Required work.
The output should be all entries, each matching the original exactly.

Material shown.
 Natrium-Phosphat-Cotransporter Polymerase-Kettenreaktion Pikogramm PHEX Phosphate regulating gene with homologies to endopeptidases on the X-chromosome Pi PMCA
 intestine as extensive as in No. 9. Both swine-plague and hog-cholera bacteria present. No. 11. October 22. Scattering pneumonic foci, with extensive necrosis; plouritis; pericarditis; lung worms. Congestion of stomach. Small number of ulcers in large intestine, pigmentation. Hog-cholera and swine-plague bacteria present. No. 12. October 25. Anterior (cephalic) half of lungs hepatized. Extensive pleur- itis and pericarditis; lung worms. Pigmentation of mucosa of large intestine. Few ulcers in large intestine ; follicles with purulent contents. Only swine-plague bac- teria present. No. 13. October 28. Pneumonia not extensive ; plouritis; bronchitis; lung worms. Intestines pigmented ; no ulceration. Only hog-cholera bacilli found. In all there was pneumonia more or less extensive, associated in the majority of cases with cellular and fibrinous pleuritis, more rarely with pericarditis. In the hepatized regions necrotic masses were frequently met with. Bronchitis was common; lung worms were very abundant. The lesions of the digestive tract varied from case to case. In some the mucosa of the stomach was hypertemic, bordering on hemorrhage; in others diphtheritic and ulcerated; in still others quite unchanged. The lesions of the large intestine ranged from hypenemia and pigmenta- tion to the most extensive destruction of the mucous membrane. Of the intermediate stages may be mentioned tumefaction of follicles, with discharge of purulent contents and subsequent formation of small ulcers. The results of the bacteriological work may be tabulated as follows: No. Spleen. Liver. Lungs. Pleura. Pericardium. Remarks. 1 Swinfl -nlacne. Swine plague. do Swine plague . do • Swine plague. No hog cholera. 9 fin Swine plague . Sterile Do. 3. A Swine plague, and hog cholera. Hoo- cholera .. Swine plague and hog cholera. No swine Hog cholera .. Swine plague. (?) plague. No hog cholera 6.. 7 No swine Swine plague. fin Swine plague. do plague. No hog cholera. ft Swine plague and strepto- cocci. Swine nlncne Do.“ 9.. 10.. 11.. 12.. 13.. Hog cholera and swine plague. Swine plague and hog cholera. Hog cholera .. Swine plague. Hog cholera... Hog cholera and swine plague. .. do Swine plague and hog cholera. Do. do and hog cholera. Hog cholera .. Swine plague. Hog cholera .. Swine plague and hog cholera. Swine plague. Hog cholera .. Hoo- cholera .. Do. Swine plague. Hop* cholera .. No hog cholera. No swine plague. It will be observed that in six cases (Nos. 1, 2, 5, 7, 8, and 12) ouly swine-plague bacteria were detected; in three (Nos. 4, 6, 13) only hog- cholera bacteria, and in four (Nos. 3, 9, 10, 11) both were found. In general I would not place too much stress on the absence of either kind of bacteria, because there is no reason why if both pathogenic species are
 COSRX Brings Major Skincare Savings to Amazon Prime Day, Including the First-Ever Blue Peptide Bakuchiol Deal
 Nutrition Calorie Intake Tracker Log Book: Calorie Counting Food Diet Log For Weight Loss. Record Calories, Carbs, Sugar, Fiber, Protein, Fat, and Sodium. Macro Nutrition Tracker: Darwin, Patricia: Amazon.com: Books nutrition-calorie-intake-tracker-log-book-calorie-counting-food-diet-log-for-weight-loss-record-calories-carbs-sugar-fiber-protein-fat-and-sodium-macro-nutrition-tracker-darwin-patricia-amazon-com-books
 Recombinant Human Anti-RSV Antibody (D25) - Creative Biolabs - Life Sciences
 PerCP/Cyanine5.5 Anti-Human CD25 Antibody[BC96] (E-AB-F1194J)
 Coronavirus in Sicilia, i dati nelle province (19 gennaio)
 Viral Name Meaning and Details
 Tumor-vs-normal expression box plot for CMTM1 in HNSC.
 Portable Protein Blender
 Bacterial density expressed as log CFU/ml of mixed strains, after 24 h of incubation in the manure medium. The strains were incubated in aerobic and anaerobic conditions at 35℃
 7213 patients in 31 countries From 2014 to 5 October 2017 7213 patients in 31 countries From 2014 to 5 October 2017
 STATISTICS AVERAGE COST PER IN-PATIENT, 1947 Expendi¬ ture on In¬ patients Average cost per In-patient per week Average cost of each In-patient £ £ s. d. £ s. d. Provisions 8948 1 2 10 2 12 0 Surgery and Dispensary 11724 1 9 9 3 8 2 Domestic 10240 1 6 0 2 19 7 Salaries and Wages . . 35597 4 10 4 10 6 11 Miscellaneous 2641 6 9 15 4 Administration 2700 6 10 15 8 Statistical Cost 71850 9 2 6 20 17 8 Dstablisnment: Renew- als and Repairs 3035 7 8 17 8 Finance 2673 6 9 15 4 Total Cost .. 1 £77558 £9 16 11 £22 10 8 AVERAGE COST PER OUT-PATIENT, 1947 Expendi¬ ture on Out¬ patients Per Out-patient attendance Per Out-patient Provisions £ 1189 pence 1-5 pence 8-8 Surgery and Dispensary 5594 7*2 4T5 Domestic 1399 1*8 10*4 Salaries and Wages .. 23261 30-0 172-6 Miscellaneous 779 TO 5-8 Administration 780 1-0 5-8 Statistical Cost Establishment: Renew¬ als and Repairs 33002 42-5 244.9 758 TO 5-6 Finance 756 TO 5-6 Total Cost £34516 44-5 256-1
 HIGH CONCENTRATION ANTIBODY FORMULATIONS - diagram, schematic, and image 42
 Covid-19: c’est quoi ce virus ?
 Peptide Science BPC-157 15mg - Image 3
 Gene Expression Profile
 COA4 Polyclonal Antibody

Task solution.
 Natrium-Phosphat-Cotransporter Polymerase-Kettenreaktion Pikogramm PHEX Phosphate regulating gene with homologies to endopeptidases on the X-chromosome Pi PMCA
 intestine as extensive as in No. 9. Both swine-plague and hog-cholera bacteria present. No. 11. October 22. Scattering pneumonic foci, with extensive necrosis; plouritis; pericarditis; lung worms. Congestion of stomach. Small number of ulcers in large intestine, pigmentation. Hog-cholera and swine-plague bacteria present. No. 12. October 25. Anterior (cephalic) half of lungs hepatized. Extensive pleur- itis and pericarditis; lung worms. Pigmentation of mucosa of large intestine. Few ulcers in large intestine ; follicles with purulent contents. Only swine-plague bac- teria present. No. 13. October 28. Pneumonia not extensive ; plouritis; bronchitis; lung worms. Intestines pigmented ; no ulceration. Only hog-cholera bacilli found. In all there was pneumonia more or less extensive, associated in the majority of cases with cellular and fibrinous pleuritis, more rarely with pericarditis. In the hepatized regions necrotic masses were frequently met with. Bronchitis was common; lung worms were very abundant. The lesions of the digestive tract varied from case to case. In some the mucosa of the stomach was hypertemic, bordering on hemorrhage; in others diphtheritic and ulcerated; in still others quite unchanged. The lesions of the large intestine ranged from hypenemia and pigmenta- tion to the most extensive destruction of the mucous membrane. Of the intermediate stages may be mentioned tumefaction of follicles, with discharge of purulent contents and subsequent formation of small ulcers. The results of the bacteriological work may be tabulated as follows: No. Spleen. Liver. Lungs. Pleura. Pericardium. Remarks. 1 Swinfl -nlacne. Swine plague. do Swine plague . do • Swine plague. No hog cholera. 9 fin Swine plague . Sterile Do. 3. A Swine plague, and hog cholera. Hoo- cholera .. Swine plague and hog cholera. No swine Hog cholera .. Swine plague. (?) plague. No hog cholera 6.. 7 No swine Swine plague. fin Swine plague. do plague. No hog cholera. ft Swine plague and strepto- cocci. Swine nlncne Do.“ 9.. 10.. 11.. 12.. 13.. Hog cholera and swine plague. Swine plague and hog cholera. Hog cholera .. Swine plague. Hog cholera... Hog cholera and swine plague. .. do Swine plague and hog cholera. Do. do and hog cholera. Hog cholera .. Swine plague. Hog cholera .. Swine plague and hog cholera. Swine plague. Hog cholera .. Hoo- cholera .. Do. Swine plague. Hop* cholera .. No hog cholera. No swine plague. It will be observed that in six cases (Nos. 1, 2, 5, 7, 8, and 12) ouly swine-plague bacteria were detected; in three (Nos. 4, 6, 13) only hog- cholera bacteria, and in four (Nos. 3, 9, 10, 11) both were found. In general I would not place too much stress on the absence of either kind of bacteria, because there is no reason why if both pathogenic species are
 COSRX Brings Major Skincare Savings to Amazon Prime Day, Including the First-Ever Blue Peptide Bakuchiol Deal
 Nutrition Calorie Intake Tracker Log Book: Calorie Counting Food Diet Log For Weight Loss. Record Calories, Carbs, Sugar, Fiber, Protein, Fat, and Sodium. Macro Nutrition Tracker: Darwin, Patricia: Amazon.com: Books nutrition-calorie-intake-tracker-log-book-calorie-counting-food-diet-log-for-weight-loss-record-calories-carbs-sugar-fiber-protein-fat-and-sodium-macro-nutrition-tracker-darwin-patricia-amazon-com-books
 Recombinant Human Anti-RSV Antibody (D25) - Creative Biolabs - Life Sciences
 PerCP/Cyanine5.5 Anti-Human CD25 Antibody[BC96] (E-AB-F1194J)
 Coronavirus in Sicilia, i dati nelle province (19 gennaio)
 Viral Name Meaning and Details
 Tumor-vs-normal expression box plot for CMTM1 in HNSC.
 Portable Protein Blender
 Bacterial density expressed as log CFU/ml of mixed strains, after 24 h of incubation in the manure medium. The strains were incubated in aerobic and anaerobic conditions at 35℃
 7213 patients in 31 countries From 2014 to 5 October 2017 7213 patients in 31 countries From 2014 to 5 October 2017
 STATISTICS AVERAGE COST PER IN-PATIENT, 1947 Expendi¬ ture on In¬ patients Average cost per In-patient per week Average cost of each In-patient £ £ s. d. £ s. d. Provisions 8948 1 2 10 2 12 0 Surgery and Dispensary 11724 1 9 9 3 8 2 Domestic 10240 1 6 0 2 19 7 Salaries and Wages . . 35597 4 10 4 10 6 11 Miscellaneous 2641 6 9 15 4 Administration 2700 6 10 15 8 Statistical Cost 71850 9 2 6 20 17 8 Dstablisnment: Renew- als and Repairs 3035 7 8 17 8 Finance 2673 6 9 15 4 Total Cost .. 1 £77558 £9 16 11 £22 10 8 AVERAGE COST PER OUT-PATIENT, 1947 Expendi¬ ture on Out¬ patients Per Out-patient attendance Per Out-patient Provisions £ 1189 pence 1-5 pence 8-8 Surgery and Dispensary 5594 7*2 4T5 Domestic 1399 1*8 10*4 Salaries and Wages .. 23261 30-0 172-6 Miscellaneous 779 TO 5-8 Administration 780 1-0 5-8 Statistical Cost Establishment: Renew¬ als and Repairs 33002 42-5 244.9 758 TO 5-6 Finance 756 TO 5-6 Total Cost £34516 44-5 256-1
 HIGH CONCENTRATION ANTIBODY FORMULATIONS - diagram, schematic, and image 42
 Covid-19: c’est quoi ce virus ?
 Peptide Science BPC-157 15mg - Image 3
 Gene Expression Profile
 COA4 Polyclonal Antibody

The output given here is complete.